Sidney Larsen

Choosing Happiness

Captivated by the small community and beautiful campus, Sidney Larsen ’17 was drawn to Luther on her first tour. But majoring in French was not her original plan. After challenges in chemistry, Sidney realized she could major in any subject, take science classes on the side, and still get into dental school.

“My friend asked me what major would make me happy and I said ‘French,'” Sidney says. “Right after that I went back to my room and made the change official.”

Blending Interests Overseas

Being able to travel and communicate in French-speaking countries was a highlight since Sidney’s immersion in the language. Between her junior and senior years, Sidney interned as an assistant at a dental office in Togo, West Africa. There, she lived with a Togolese family and practiced her French and dentistry skills. Sidney was completely immersed in dentistry, including performing small procedures by herself and even pulling out a couple of teeth!

“I got to experience the culture of Togo through time spent with my host family and the friends I made,” Sidney says. “My French improved by leaps and bounds over the course of my internship. Since the Togolese generally don’t speak any English beyond ‘Hi, how are you?’ it was necessary for me to speak French almost all the time. Because of this, I was able to comprehend and speak at an advanced level by the time my internship was complete.”

If you want to open yourself up to a future full of possibilities and learn a lot while doing it, I suggest becoming a French major.

Sidney Larsen '17
A Career Full of Opportunities

Developing her French skills within an academic framework heightened Sidney’s ability to work in her current setting. After graduation, through the Teaching Assistant Program in France (TAPIF), Sidney started to work as a language assistant with Lycée Robert de Mortain as well as at the college with the same name in Mortain, France. Back in Decorah, Sidney aided high school and middle school students to improve their English and strengthen their conversation skills.

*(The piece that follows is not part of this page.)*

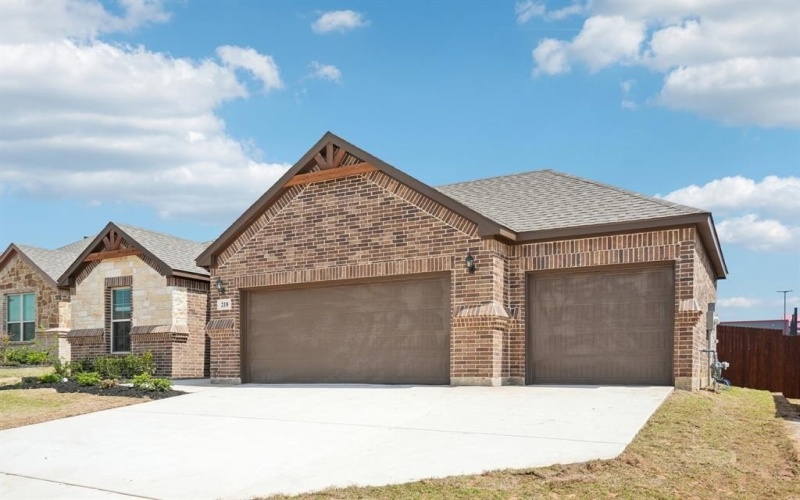 218 Cheyenne Trail, Alvarado, TX 76009, 3 Bedrooms Bedrooms, ,2 BathroomsBathrooms,Residential,For Sale,218 Cheyenne Trail,0,21109768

In addition to overcoming any challenges at work, Sidney also participated in Reacting to the Past (RTTP) games and involvement with Model UN. “I typically hate public speaking, but with RTTP we delivered speeches in French in front of our whole class. This helped me become much more comfortable speaking to crowds and has made the transition into teaching much easier,” Sidney says. The RTTP games brought excitement to the classroom and also taught Sidney how to think on her feet and use French in real time to win debates and tell stories.

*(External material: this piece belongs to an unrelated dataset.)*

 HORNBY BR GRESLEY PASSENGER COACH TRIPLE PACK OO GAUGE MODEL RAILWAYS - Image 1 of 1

“Academics have taught me to never be satisfied and to figure out what I can do to make something better,” Sidney says.

From there on, Sidney has employed her international background and skillsets from the French major to experience various roles. From interning in international peace and human rights, to doing research and working in international law, Sidney has found her way into a senior staffer position at the American University International Law Review.